* _Task directions_
Lines from the one containing "নতুন সুজুকি জিক্সার ২০২৫ কালো" through the last line of the records below need to be repeated exactly; nothing else, and no pictures.

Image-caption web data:
○ ○ ○

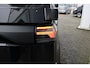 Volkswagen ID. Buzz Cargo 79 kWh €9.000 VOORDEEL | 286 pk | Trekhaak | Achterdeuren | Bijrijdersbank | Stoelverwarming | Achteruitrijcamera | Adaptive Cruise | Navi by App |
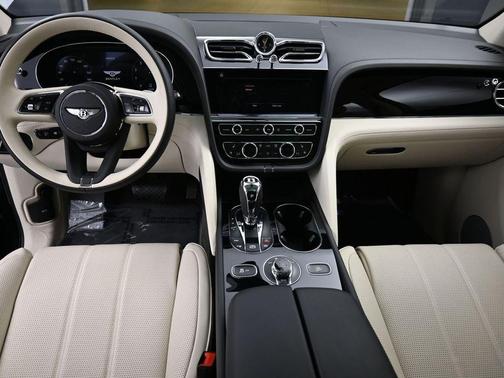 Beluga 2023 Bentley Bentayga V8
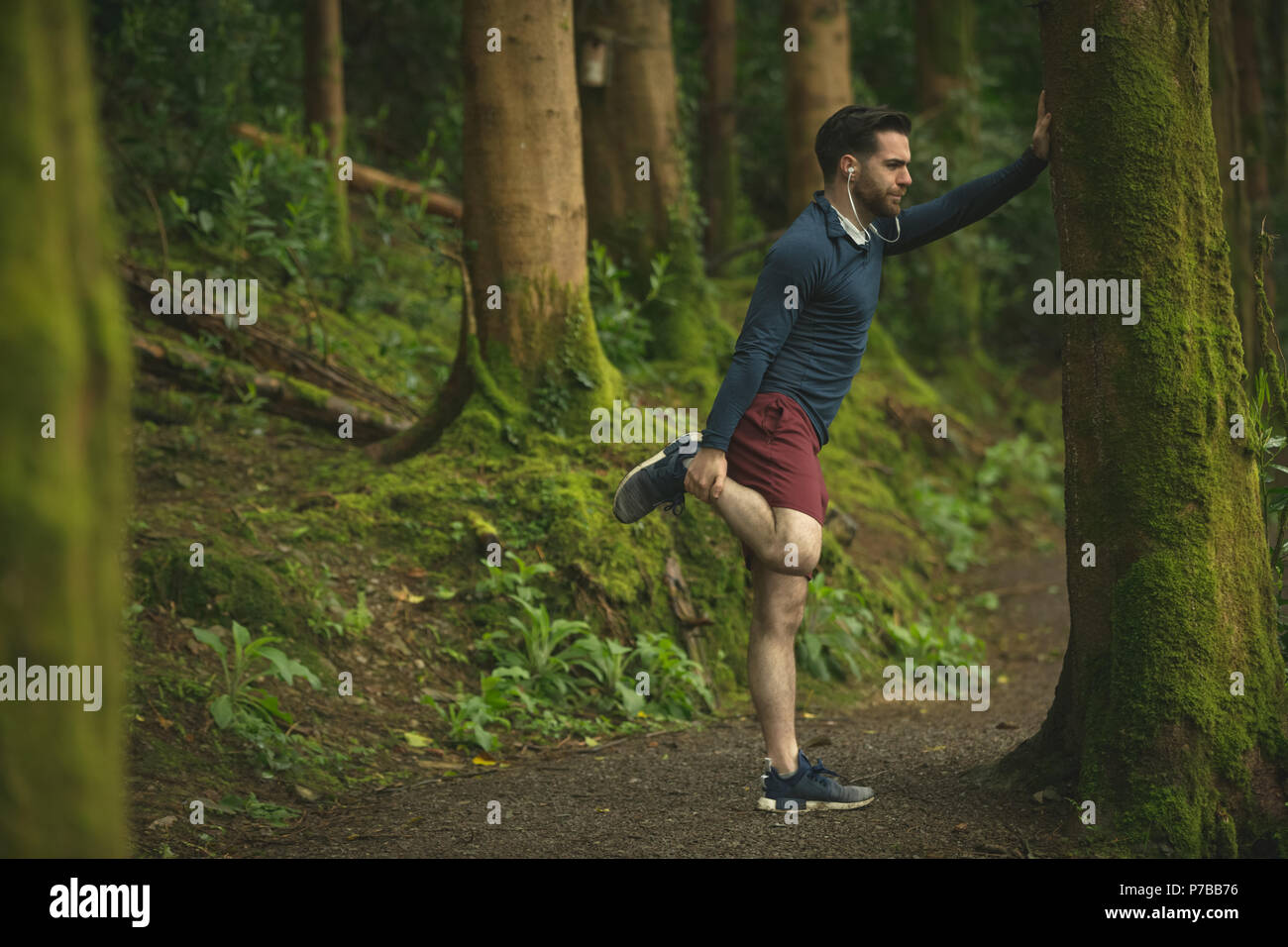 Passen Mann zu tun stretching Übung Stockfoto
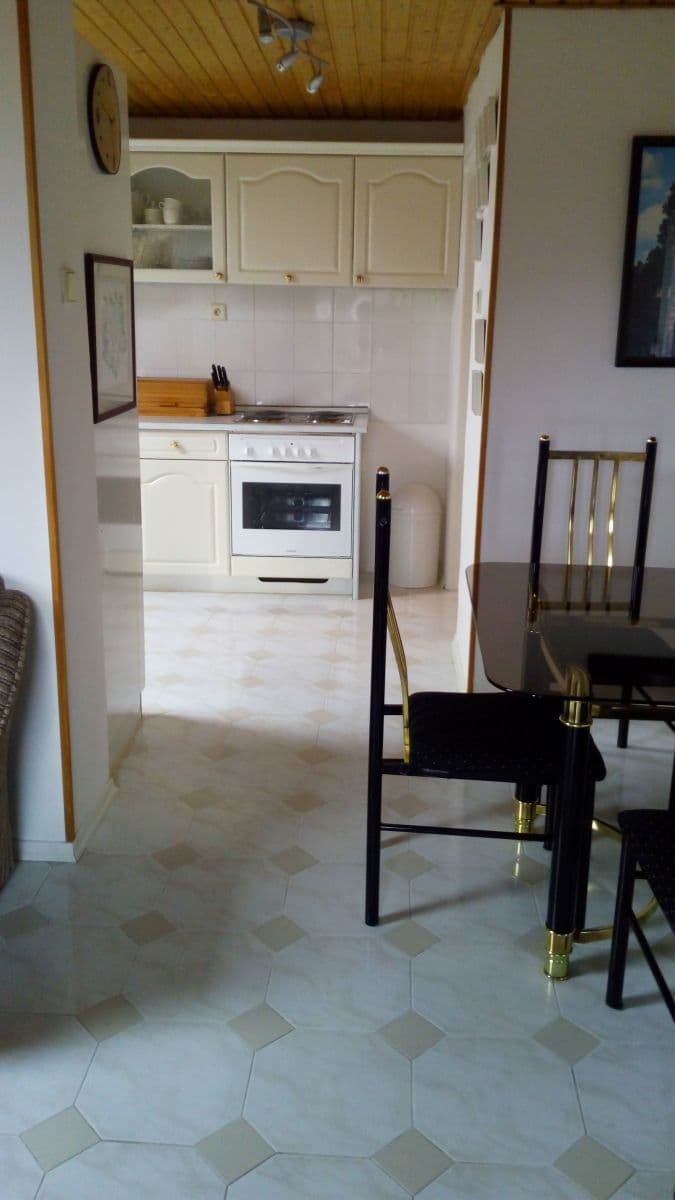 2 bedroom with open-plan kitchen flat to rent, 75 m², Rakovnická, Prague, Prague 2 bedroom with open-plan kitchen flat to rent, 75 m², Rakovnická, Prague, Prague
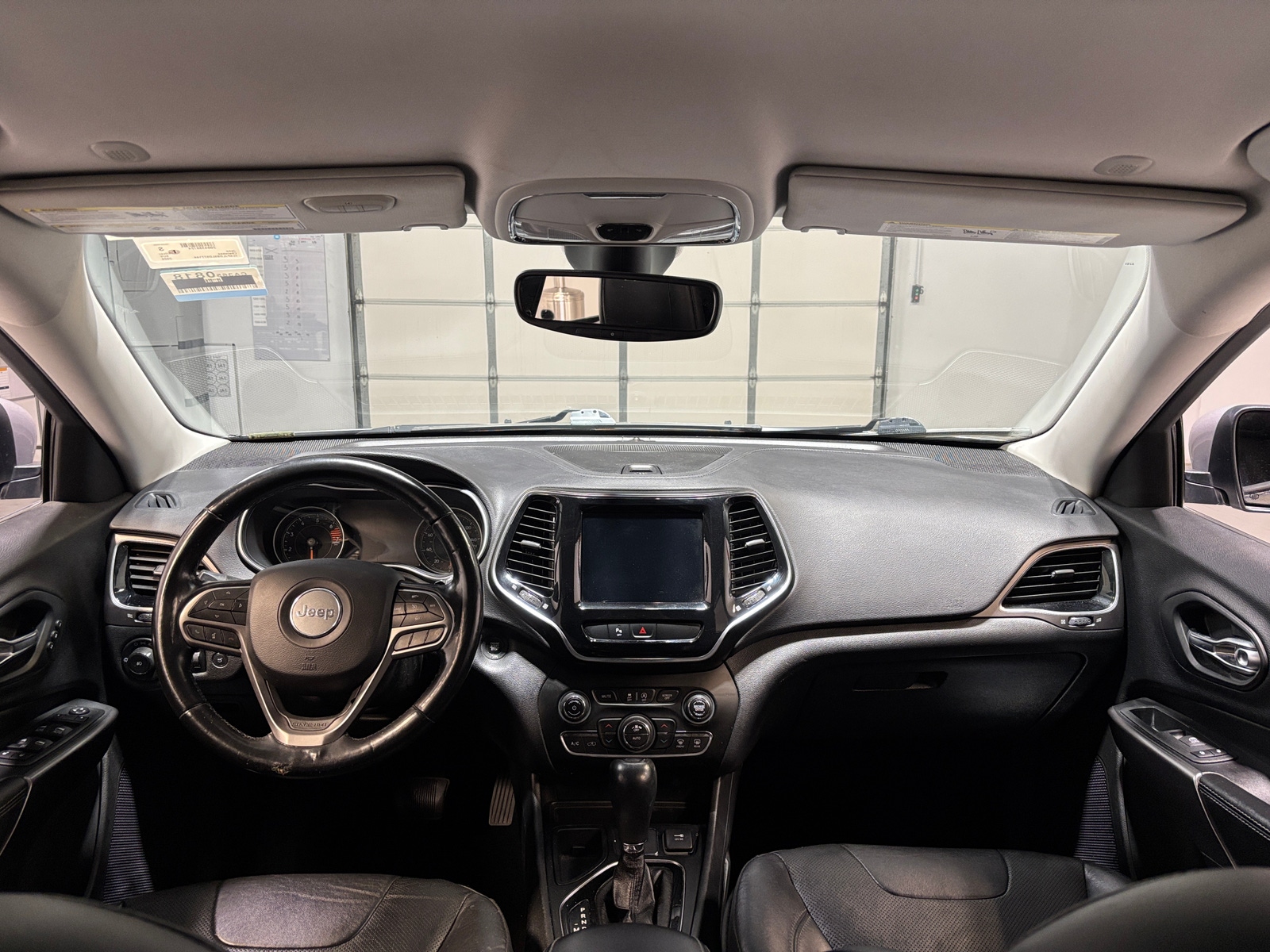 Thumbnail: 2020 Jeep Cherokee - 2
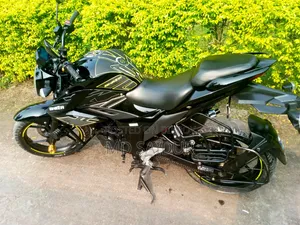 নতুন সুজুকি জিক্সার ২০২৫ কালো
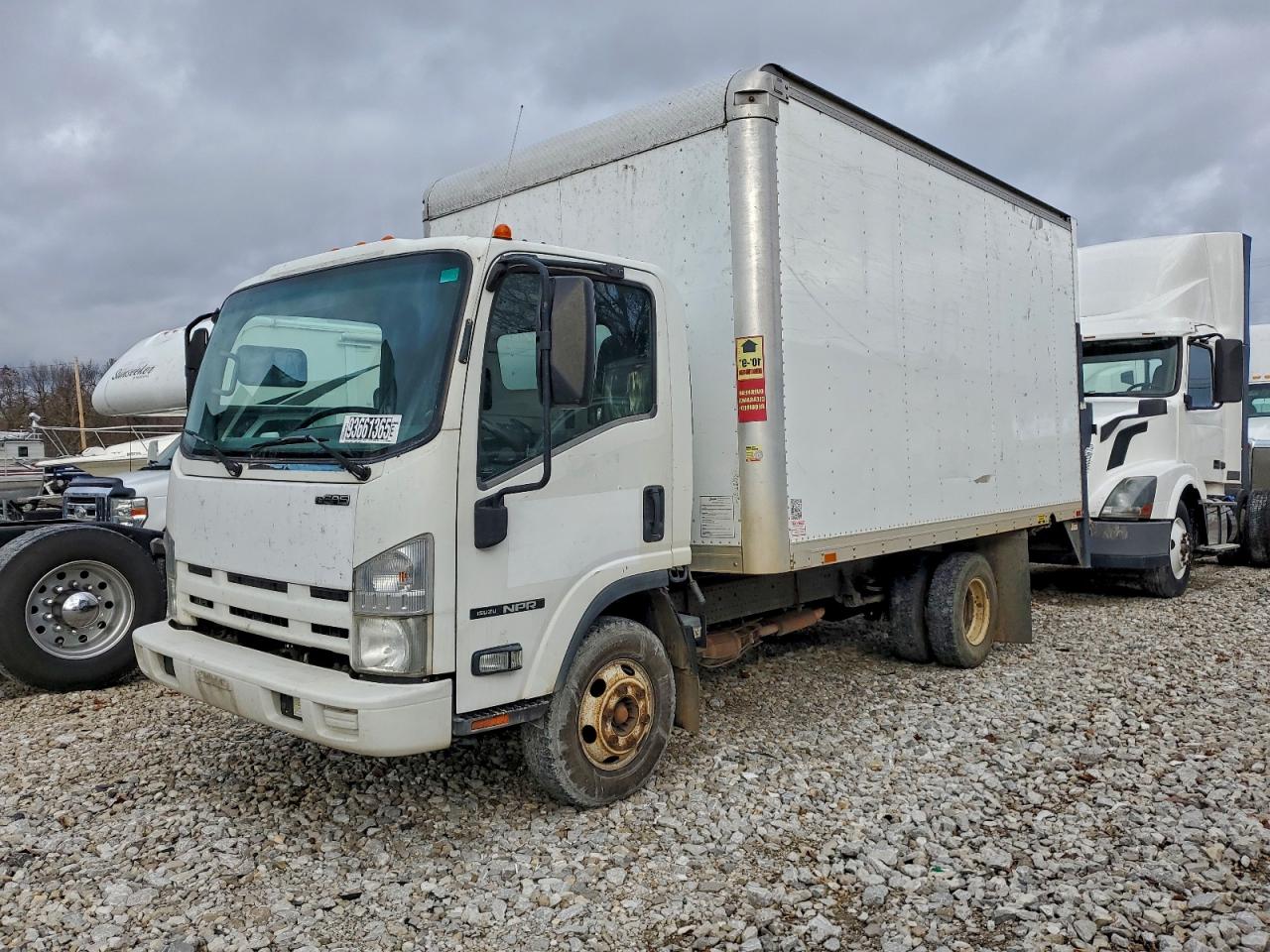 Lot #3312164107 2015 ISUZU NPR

○ ○ ○

* _Answer section_
 নতুন সুজুকি জিক্সার ২০২৫ কালো
 Lot #3312164107 2015 ISUZU NPR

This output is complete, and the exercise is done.